If I'm scolding you for your behavior or your philosophy or beliefs do not mistake me. I am not scolding you for breaking any sort of Hobbesian subjective social contract, I'm scolding you for not adhering to an objective standard.
You have to reject that objective standard either by saying it's not a correct assessment of the objectivity of it (To which I will probably react quite negatively to any attempt to salvage the enlightenment project as a feasible alternative), or you have to reject objectivity itself which leaves you just screaming at me about forcing my values on others while doing the same to me by saying I should value respect for other values.
It's a contradiction according to your own standards.
So no, again to answer your question. To argue for standards of behavior is not the same as harassment unless you define harassment to be any criticism of behavior that doesn't meet your subjective minimum standard of not hurting someone... in which case then yes, technically I would support it.
You are at least within my top five of the best amphibians I've encountered, after reading this post. Good show.
The problem that I have with the "live and let live" philosophy is that it rejects claims to objective limits on behavior while simultaneously creating an objective limit on behavior. If you say "Everyone should be allowed to do as they please" but also add the caveat of "Unless it harms people," you are opening yourself up to the obvious question of
why. What is it about harming someone else that changes it? A moment ago you were claiming that right and wrong were subjective, so what if I believe that hurting other people is right? What suddenly gives you the authority to stop me from doing that? Did you not just claim that no such authority exists?
It's a fundamentally impractical position. For all that nihilists talk about there being no objective standard or truth (which is itself asserting an objective truth), that doesn't stop them from constantly making claims as to how things
ought to be, which requires one to acknowledge that something is inherently more desirable than another thing. A breeding ground of hypocrisy.
This is to say nothing of the fact that it also relies on proving "harm" in order to justify anything, which is a word that could literally mean anything. Unless, of course, we are asserted a factual, objective standard of what constitutes harmful and what doesn't, which once against contradicts the principle we are trying to apply in the first place.
I see little value in so-called "tolerance." Either something is true or it isn't, and either something is more right and good than not or it isn't. These "vampires" are either ill people in need of help or imbeciles trying to draw attention to themselves in a typically pathetic, self-absorbed obsession on being unique and special.
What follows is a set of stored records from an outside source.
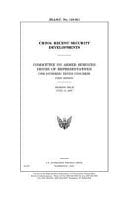 China  : recent Security Developments /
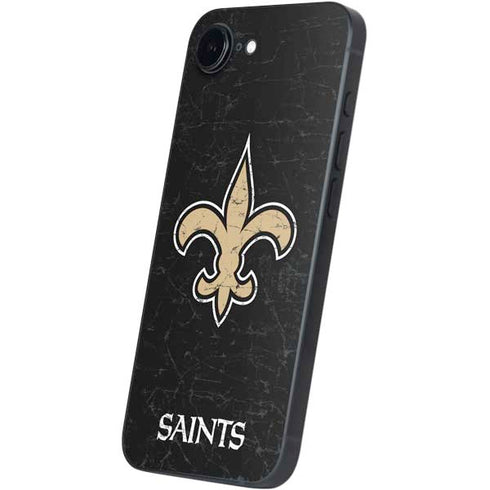 NFL New Orleans Saints Distressed iPhone 16e Skin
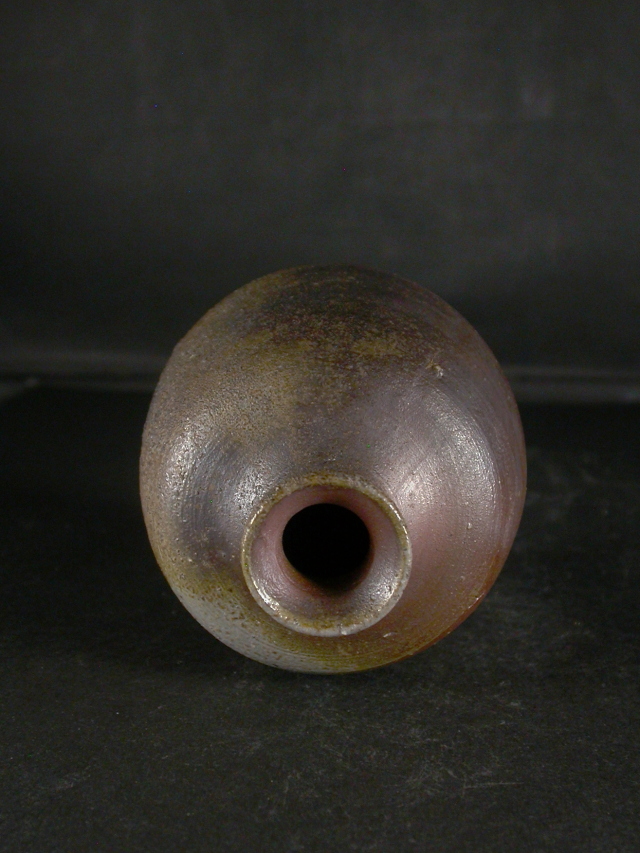 未使用】 備前焼 奥本健一 徳利 おちょこ 3点 酒器 未使用】 備前焼 奥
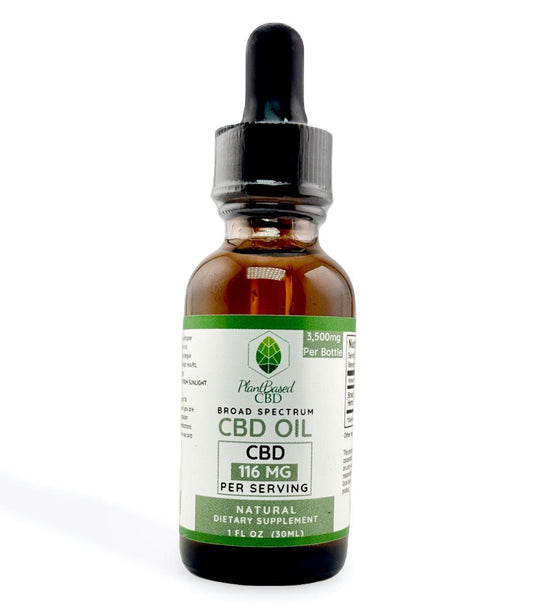 CBD Oil Tincture 3500mg - PlantBasedCBD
Toothless and half-formed theorizing won't change that or make it right to assert otherwise.
Objective truth is impossible to define meaningfully though. Because we have only subjective means of measurement, at best, somwthing deemed 'objective' is merely a widespread consensus of what is subjectively held to be true by a large number of people.
Is this reflective of some true underlying objective point? maybe. But it is fundamentally impossible to prove this without making arbitrary leaps in logic and arbitrary assumptions.
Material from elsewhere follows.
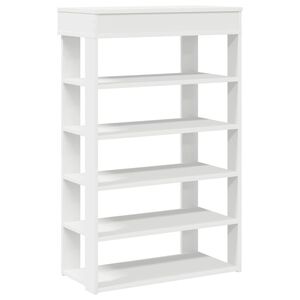 vidaXL Sapateira 60x30x98 cm derivados de madeira branco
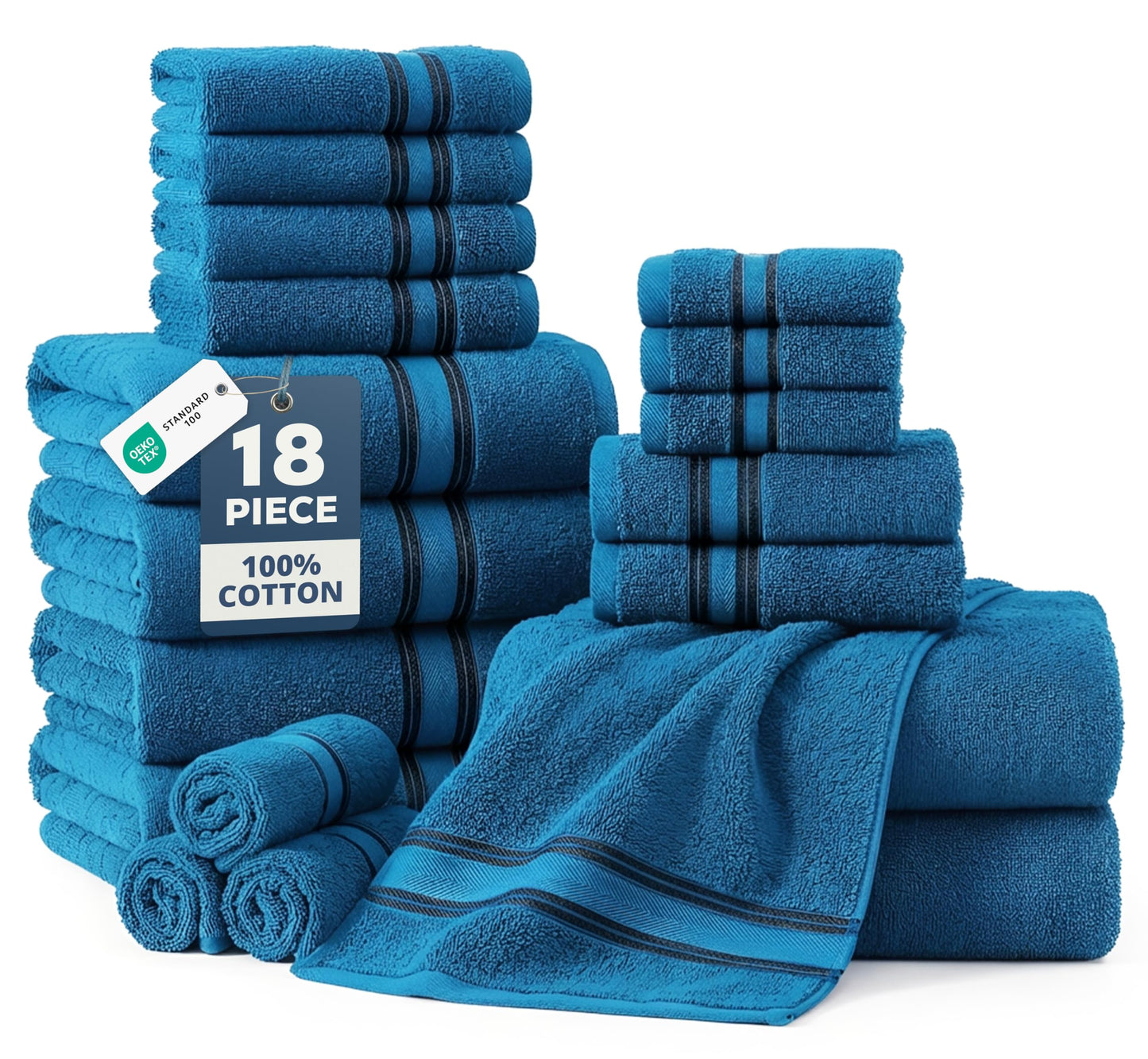 Luxury Zero Twist Cotton Bath Towels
As for subjective vs objective morality, do what you want unless it harms others would arise naturally from subjective morality, if you consider one point:
To acknowledge subjectivity AND the existence of other people (eg. Other people are real, and not merely figments of a person's imagination) pretty much leads to this position by default.
If you presume others to exist, but morality to be subjective, it follows that your views are no more or less important than anyone else's. If your personal morals cause harm to others that they do not desire, then you are by definition placing your own moral standards above theirs.
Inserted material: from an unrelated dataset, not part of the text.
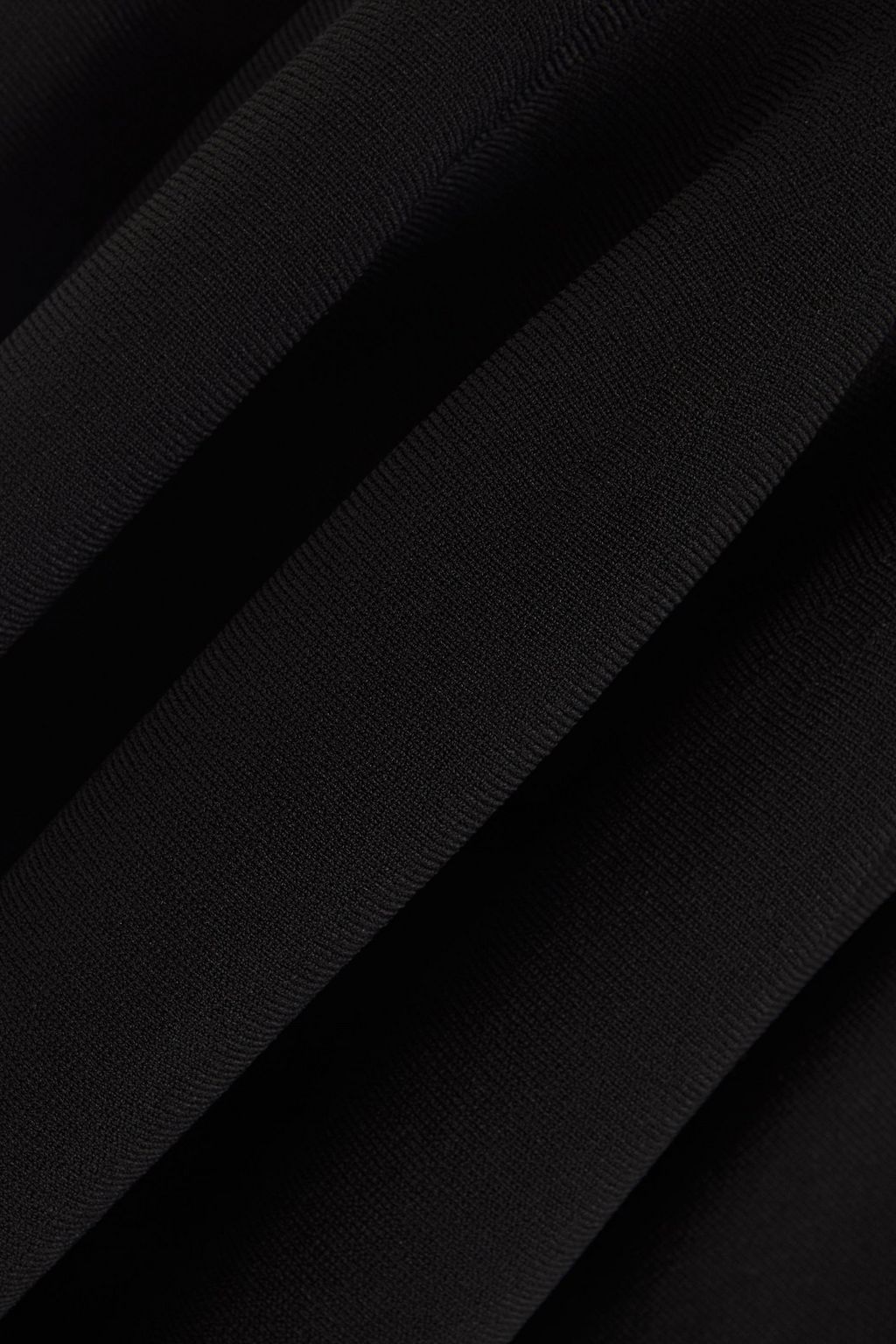 STELLA MCCARTNEY Fluted stretch-knit midi dress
You are violating their morals for the sake of theirs.
This doesn't make 'cause no harm to others' an objective truth, but rather a pragmatic one. Without it, a society consisting of members with entirely subjective morality would collapse.
Something doesn't have to be objectively true to be nessesary.
Anyway, I can just as well state (and it's true, as far as I'm concerned),that I do not like, nor trust anyone claiming objective morality exists.
More often than not these people's own moral standards are full of arbitrary elements, many of which are horrific, and repugnant to me. But above all, claiming things to be objectively true that have little meaningful basis to them just seems like asburd cognitive dissonance.
It's hard enough already to prove the objective truth of scientific theories. (doing so already pre-supposes the existence of a stable, objective reality, even though no person in existence has ever had anything but their subjective senses to work with, and has to assume and infer many things to claim objective reality actually exists)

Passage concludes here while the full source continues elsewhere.